### [Work to complete]
Word for word, write out the entries that follow, omitting all pictures.

[Web page caption snippets]
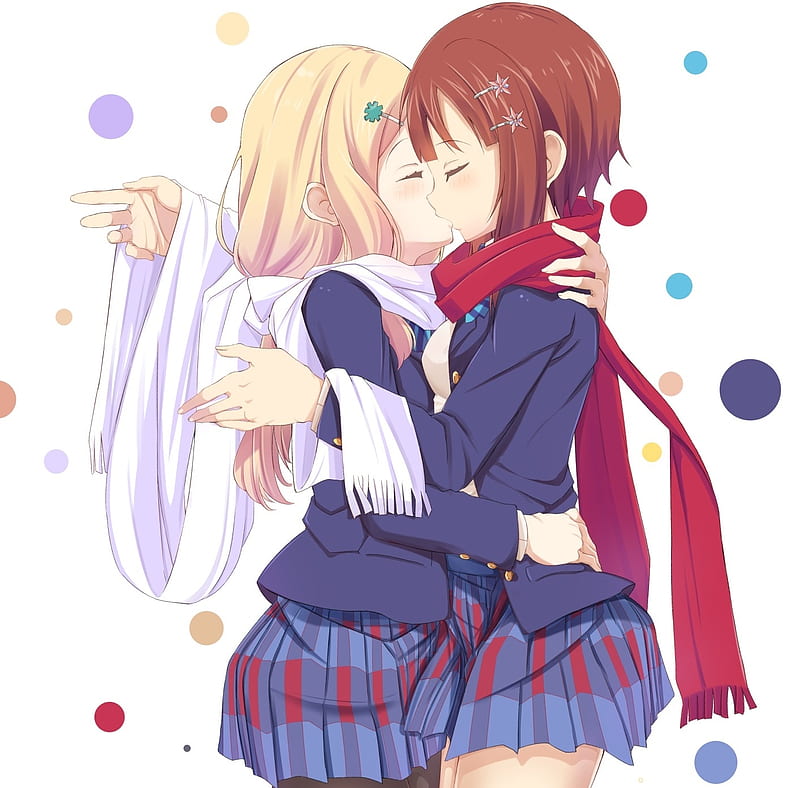 Tender Blushing Kiss, Love Live School Idol Project, Anime Couple, Couple, Arisa, Anime, Embrace, Blushing, Scarf, School Uniform, Arisa Ayase, Blonde, Long Hair, Kousaka, Tenderness, Ayase, Yukiho Kousaka, Yukiho, Lovers, Brunette, Seifuku, Kiss, Dots, Eyes Closed, Anime Girl, HD wallpaper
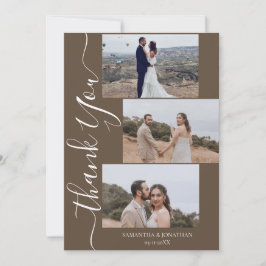 Eenvoudige Elegante Moderne Script 6 foto's bruilo Bedankkaart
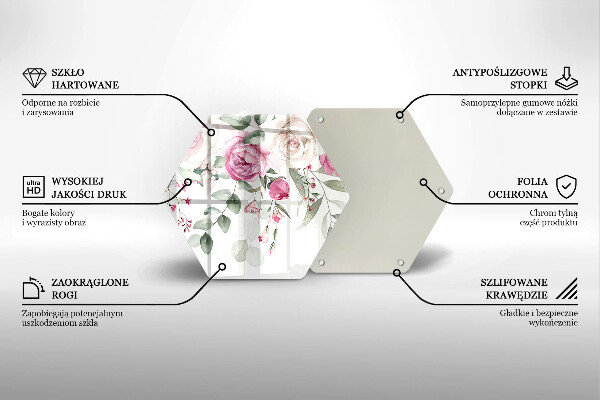 Tocător sticlă Trandafiri acuarela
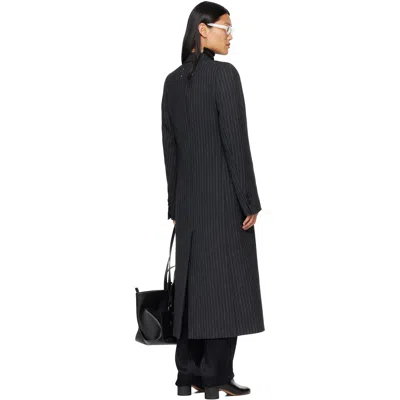 Maison Margiela Herringbone-pattern Double-breasted Coat In Blue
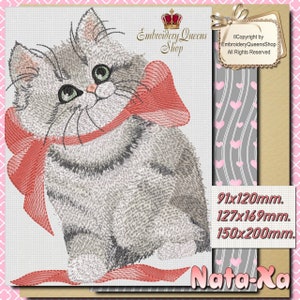 Lindo gato máquina bordado diseño cinta rosa gatito 3 tamaños para descargar ajuste 5x7 &quot;(130x180mm) aro y más grande bebé gato almohada esponjosa regalo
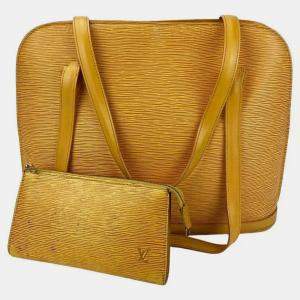 Louis Vuitton Yellow Epi Lussac Tote And Pochette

### [Solution to this exercise]
 Tender Blushing Kiss, Love Live School Idol Project, Anime Couple, Couple, Arisa, Anime, Embrace, Blushing, Scarf, School Uniform, Arisa Ayase, Blonde, Long Hair, Kousaka, Tenderness, Ayase, Yukiho Kousaka, Yukiho, Lovers, Brunette, Seifuku, Kiss, Dots, Eyes Closed, Anime Girl, HD wallpaper
 Eenvoudige Elegante Moderne Script 6 foto's bruilo Bedankkaart
 Tocător sticlă Trandafiri acuarela
 Maison Margiela Herringbone-pattern Double-breasted Coat In Blue
 Lindo gato máquina bordado diseño cinta rosa gatito 3 tamaños para descargar ajuste 5x7 &quot;(130x180mm) aro y más grande bebé gato almohada esponjosa regalo
 Louis Vuitton Yellow Epi Lussac Tote And Pochette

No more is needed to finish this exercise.